- **Activity**
For the material below, return exactly the lines starting at the line containing "Yash gallery women's" and ending at the line containing "EUR Size Transparent", both ends included, and no others.

- **Source material**
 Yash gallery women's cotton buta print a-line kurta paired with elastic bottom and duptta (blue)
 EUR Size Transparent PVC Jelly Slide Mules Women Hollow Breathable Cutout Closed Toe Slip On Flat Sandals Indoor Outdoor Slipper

* * *

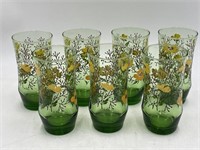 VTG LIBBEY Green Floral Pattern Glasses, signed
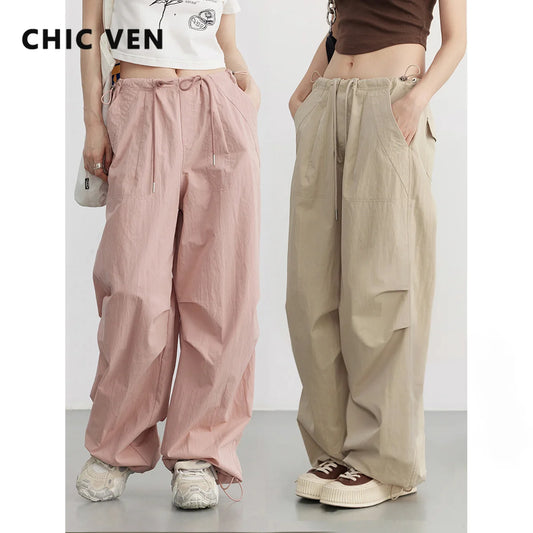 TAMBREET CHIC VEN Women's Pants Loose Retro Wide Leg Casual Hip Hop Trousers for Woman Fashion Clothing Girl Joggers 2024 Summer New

* * *

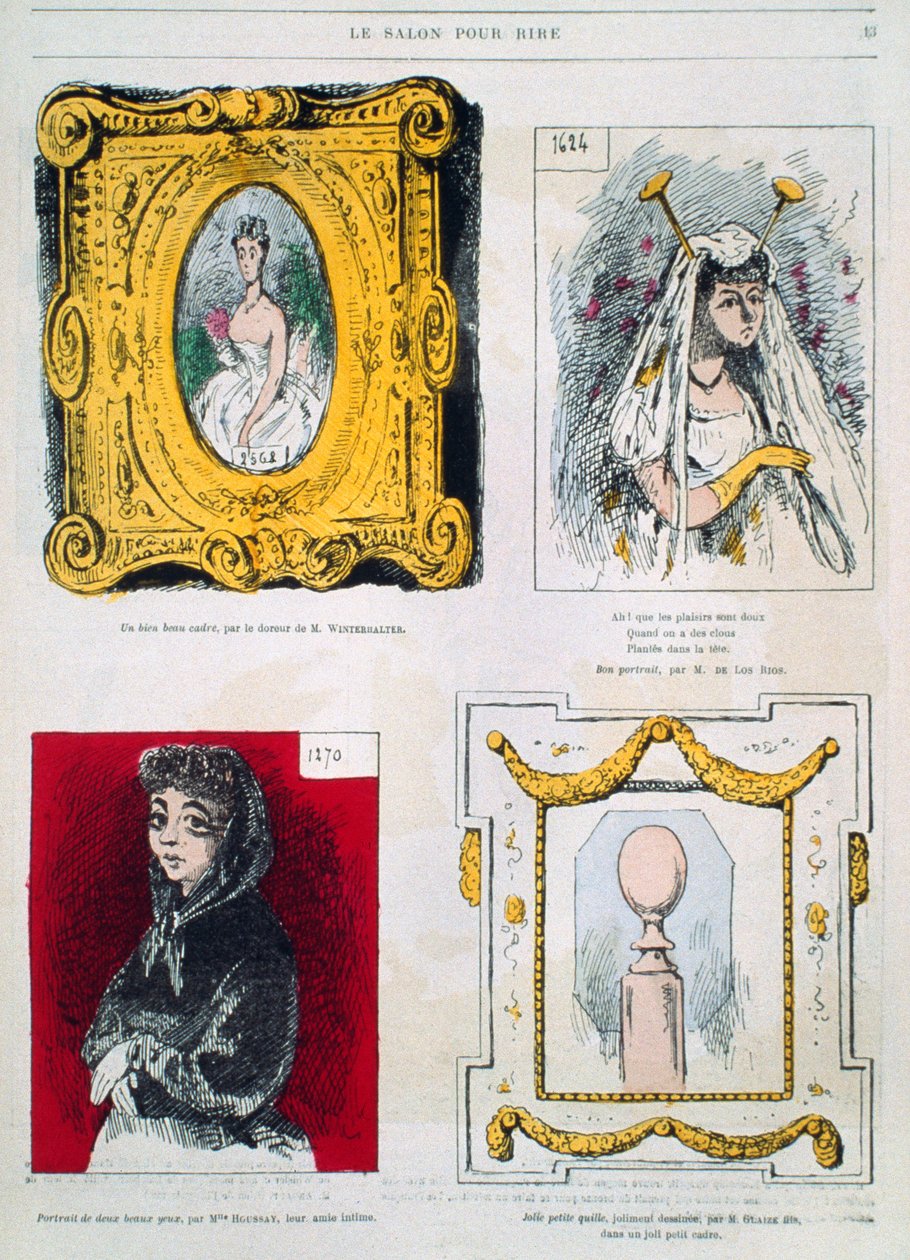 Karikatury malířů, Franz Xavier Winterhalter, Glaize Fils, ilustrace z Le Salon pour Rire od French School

- **Output for this task**
 Yash gallery women's cotton buta print a-line kurta paired with elastic bottom and duptta (blue)
 EUR Size Transparent PVC Jelly Slide Mules Women Hollow Breathable Cutout Closed Toe Slip On Flat Sandals Indoor Outdoor Slipper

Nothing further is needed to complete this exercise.